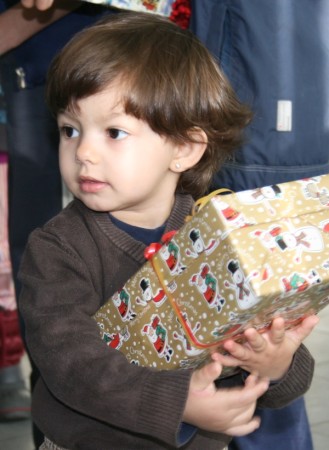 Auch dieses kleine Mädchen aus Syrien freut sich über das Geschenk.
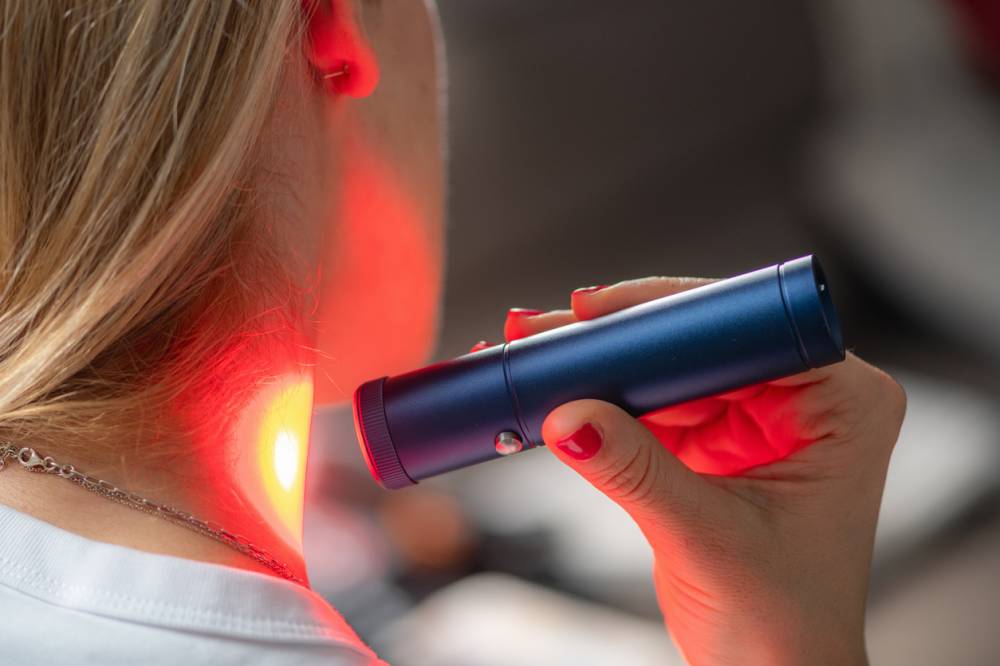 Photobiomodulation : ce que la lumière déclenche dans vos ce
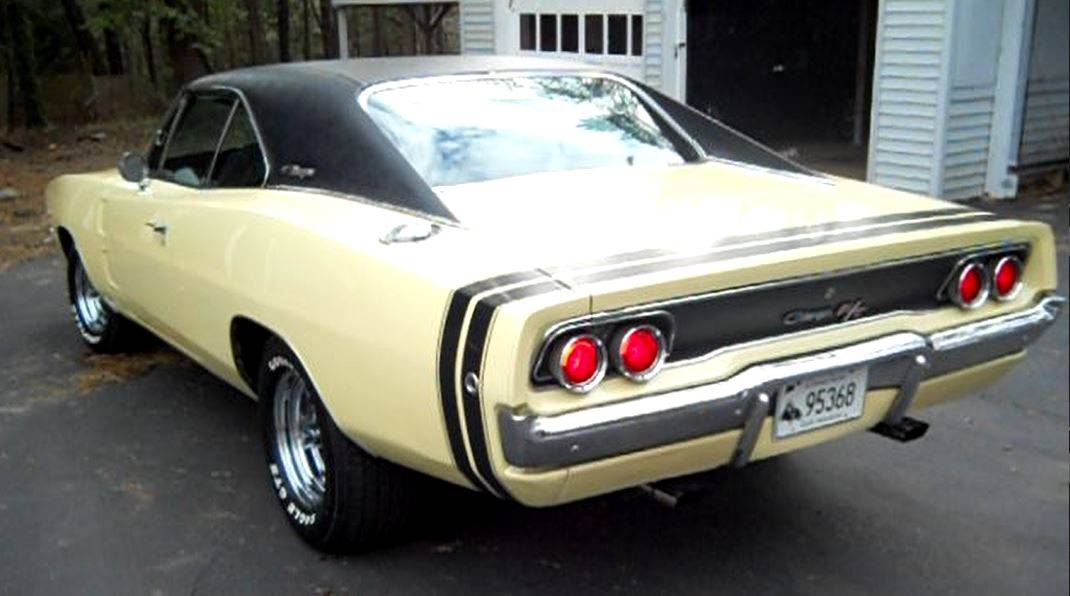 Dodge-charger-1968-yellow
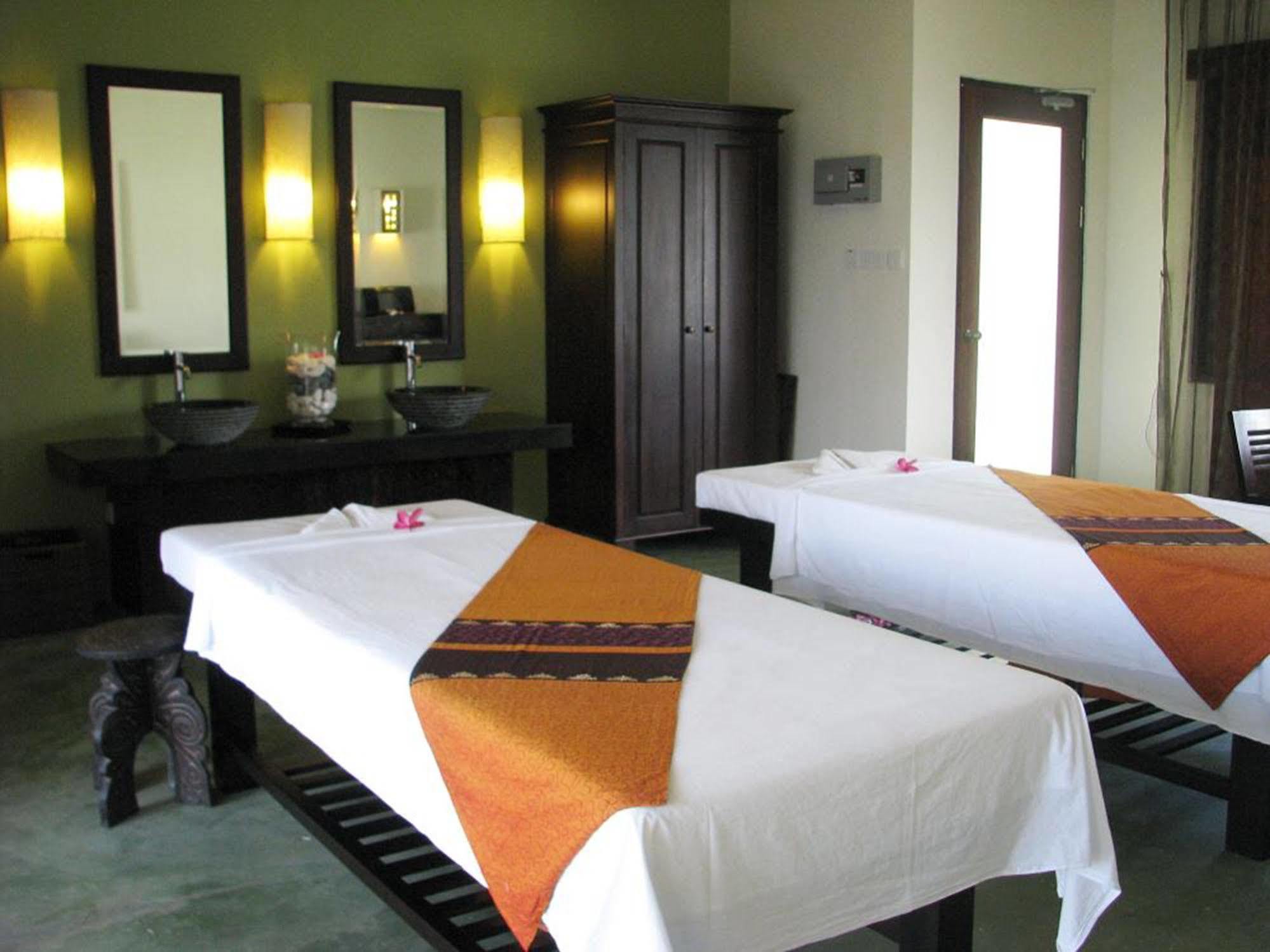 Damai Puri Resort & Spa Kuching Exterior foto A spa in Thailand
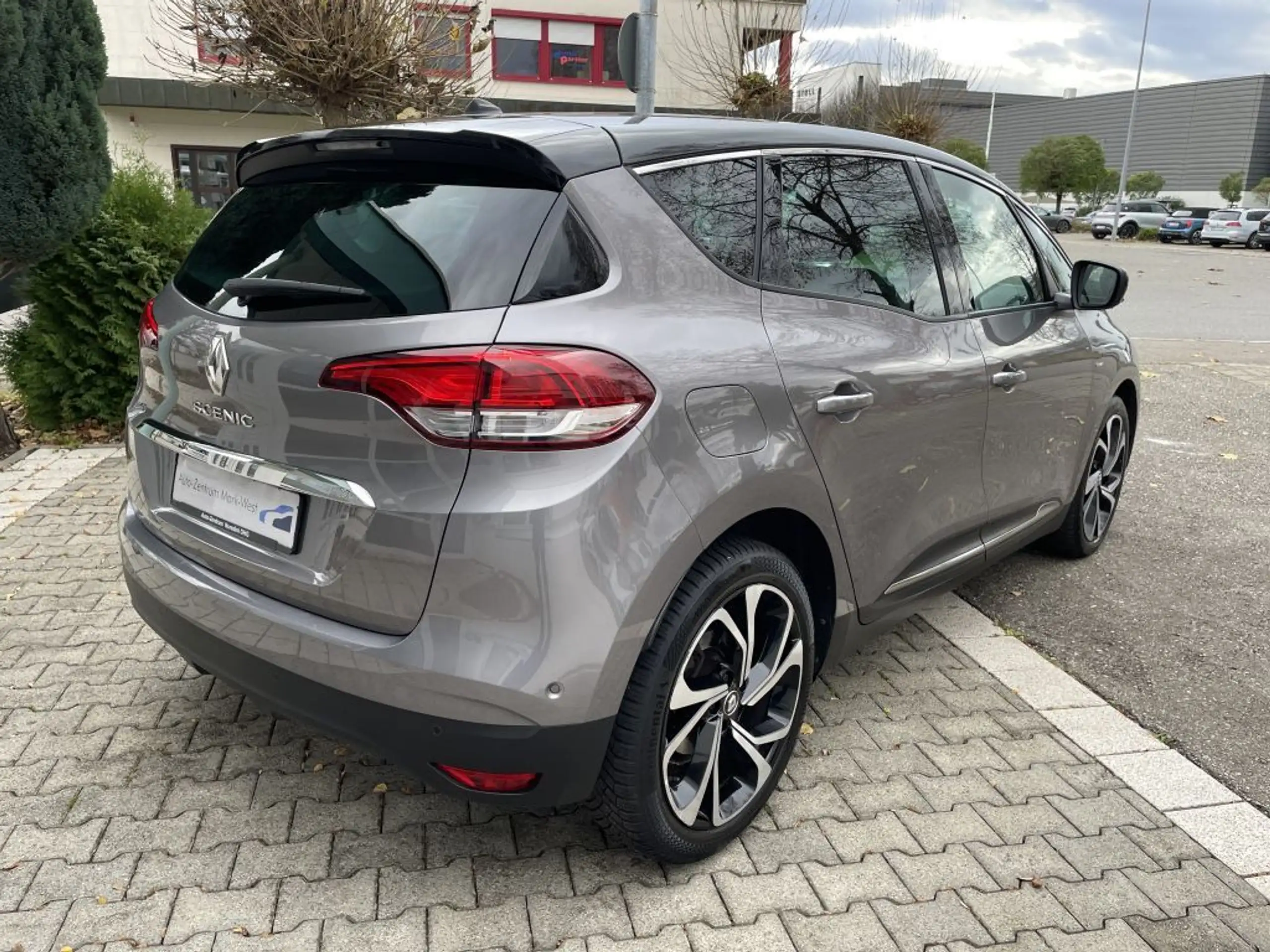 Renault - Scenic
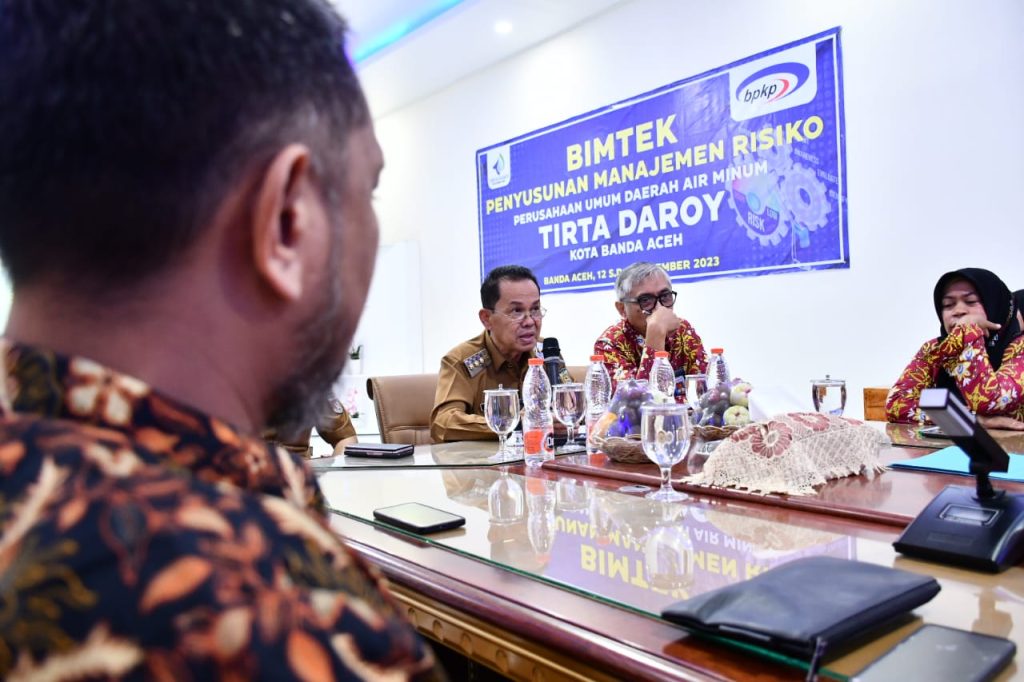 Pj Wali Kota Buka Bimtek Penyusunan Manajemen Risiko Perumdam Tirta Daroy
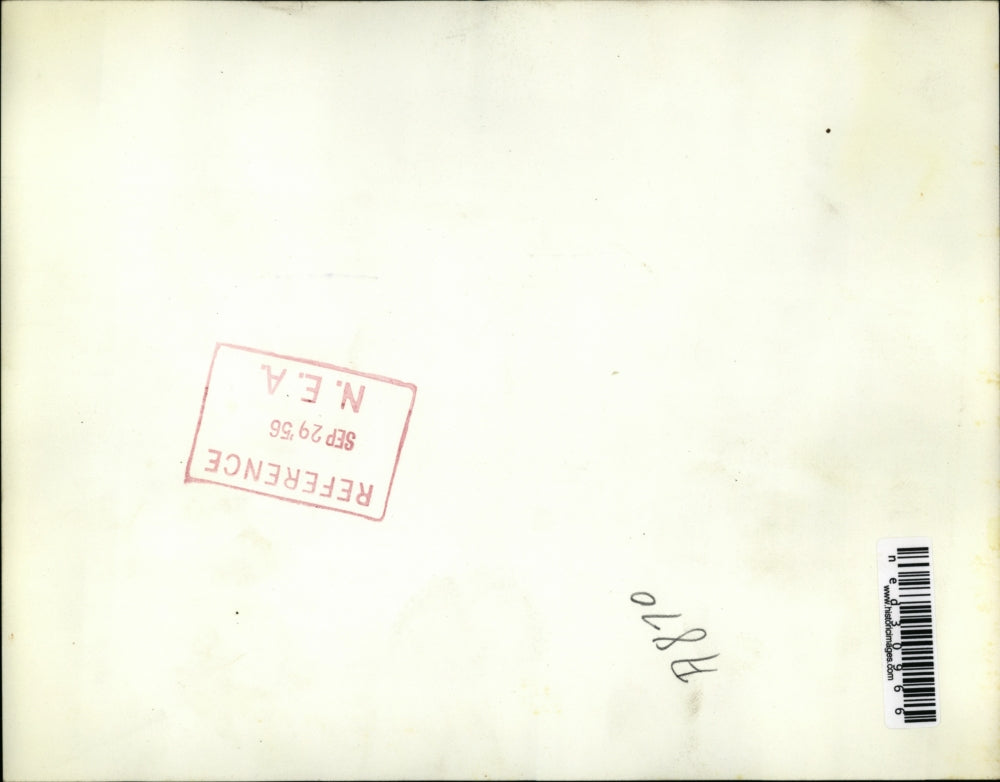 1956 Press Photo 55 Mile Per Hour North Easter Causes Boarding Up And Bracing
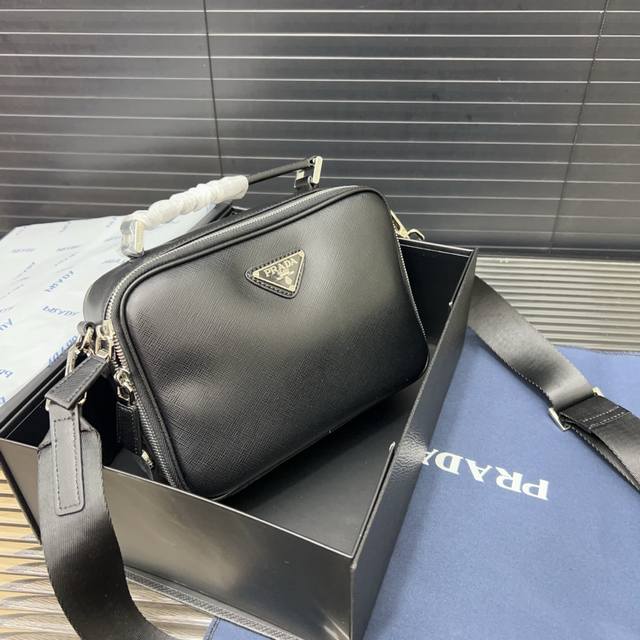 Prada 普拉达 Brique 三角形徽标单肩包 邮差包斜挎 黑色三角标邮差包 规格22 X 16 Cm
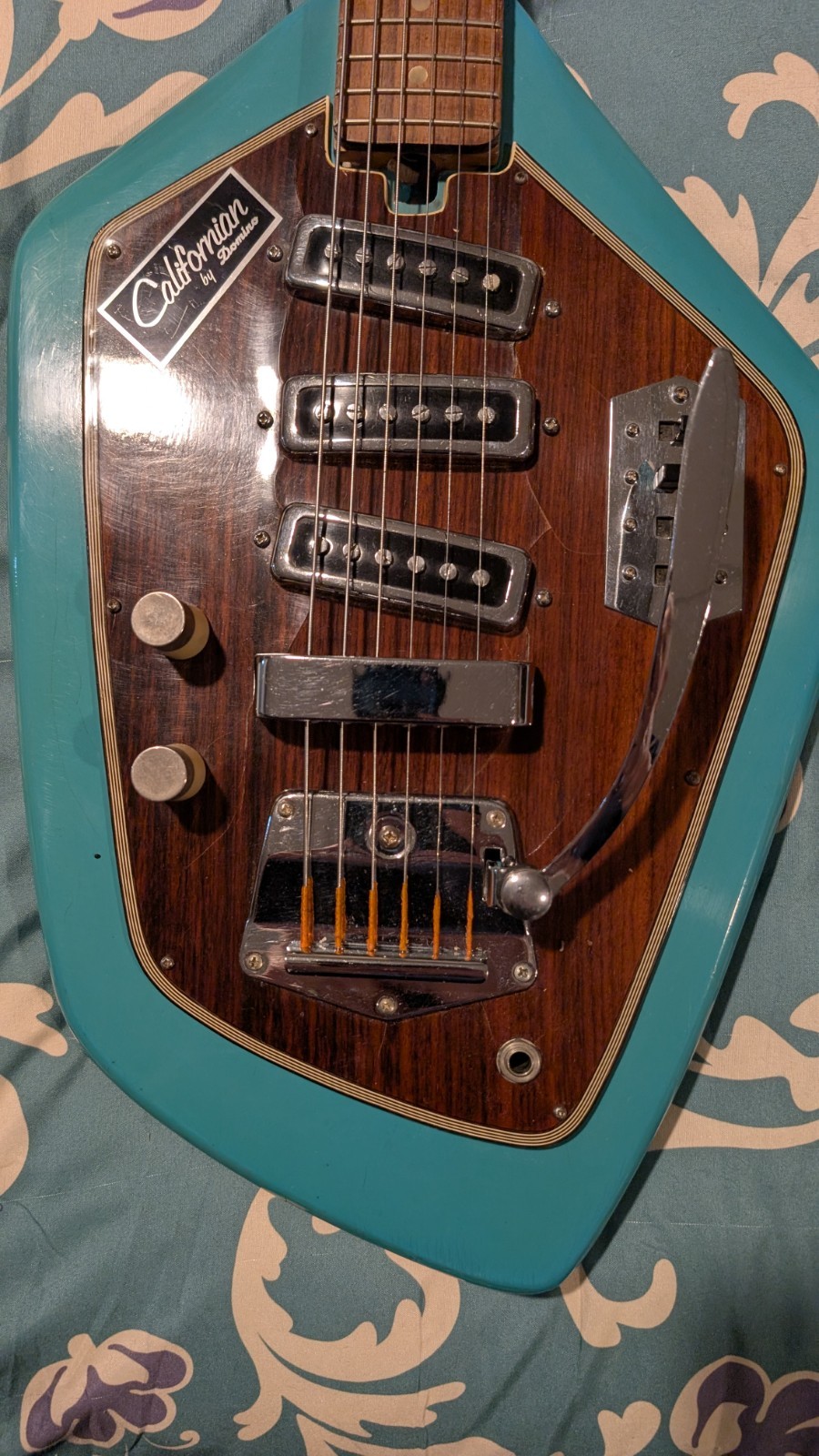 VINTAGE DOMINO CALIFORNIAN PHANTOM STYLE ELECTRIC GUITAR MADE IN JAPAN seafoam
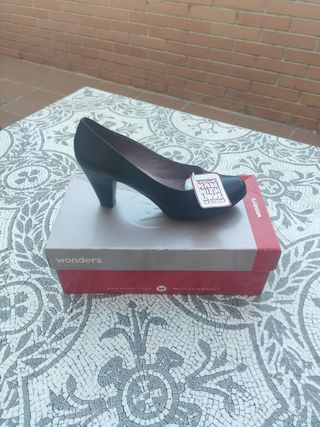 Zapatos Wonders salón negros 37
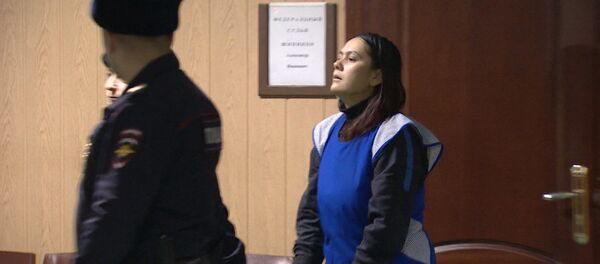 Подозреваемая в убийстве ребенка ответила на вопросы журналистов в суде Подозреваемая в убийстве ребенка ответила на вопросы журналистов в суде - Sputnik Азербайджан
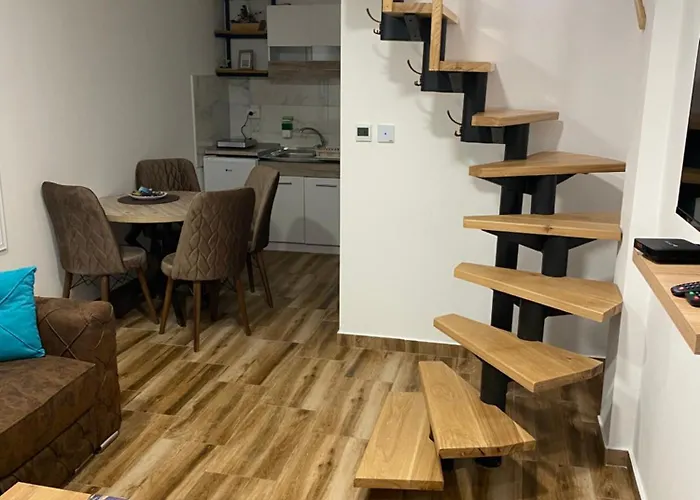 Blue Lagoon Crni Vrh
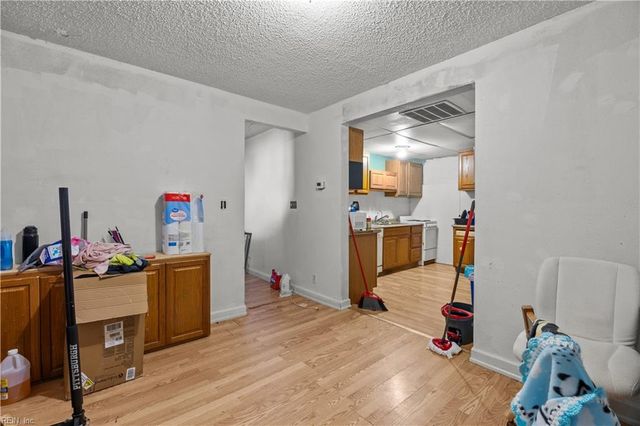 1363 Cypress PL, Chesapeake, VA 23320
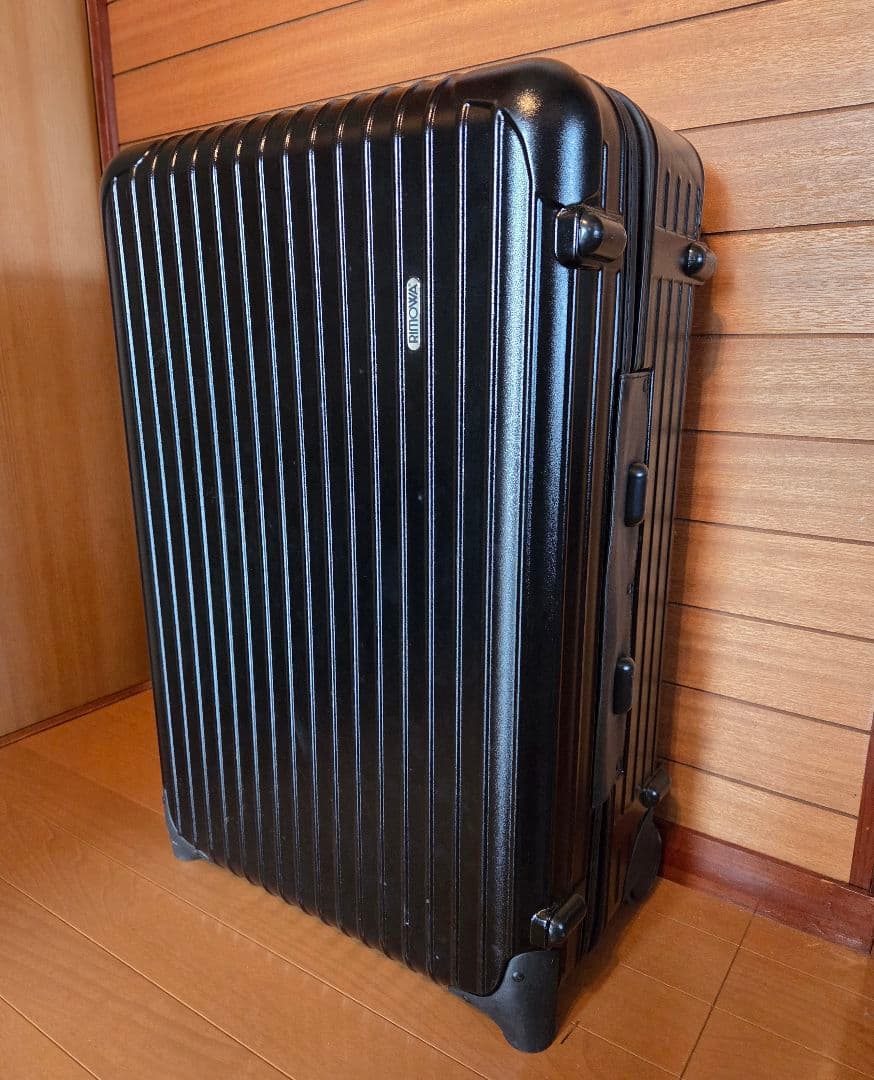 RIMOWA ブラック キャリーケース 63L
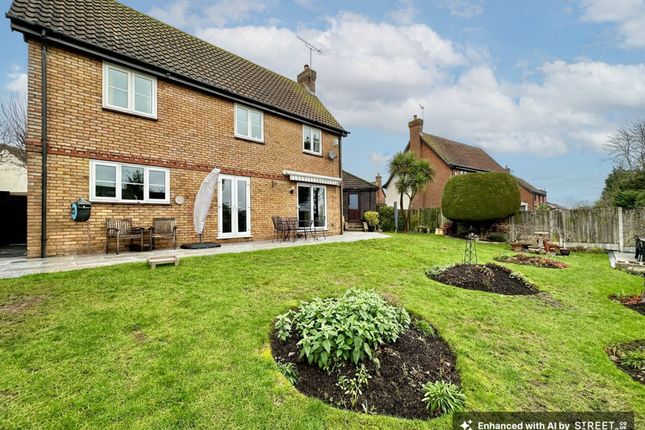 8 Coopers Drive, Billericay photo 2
· · ·
Work instruction:
The reply should hold the entries above from the line with "1956 Press Photo" to the line with "Zapatos Wonders salón negros 37", duplicated exactly, pictures excluded.

Solution to the exercise:
 1956 Press Photo 55 Mile Per Hour North Easter Causes Boarding Up And Bracing
 Prada 普拉达 Brique 三角形徽标单肩包 邮差包斜挎 黑色三角标邮差包 规格22 X 16 Cm
 VINTAGE DOMINO CALIFORNIAN PHANTOM STYLE ELECTRIC GUITAR MADE IN JAPAN seafoam
 Zapatos Wonders salón negros 37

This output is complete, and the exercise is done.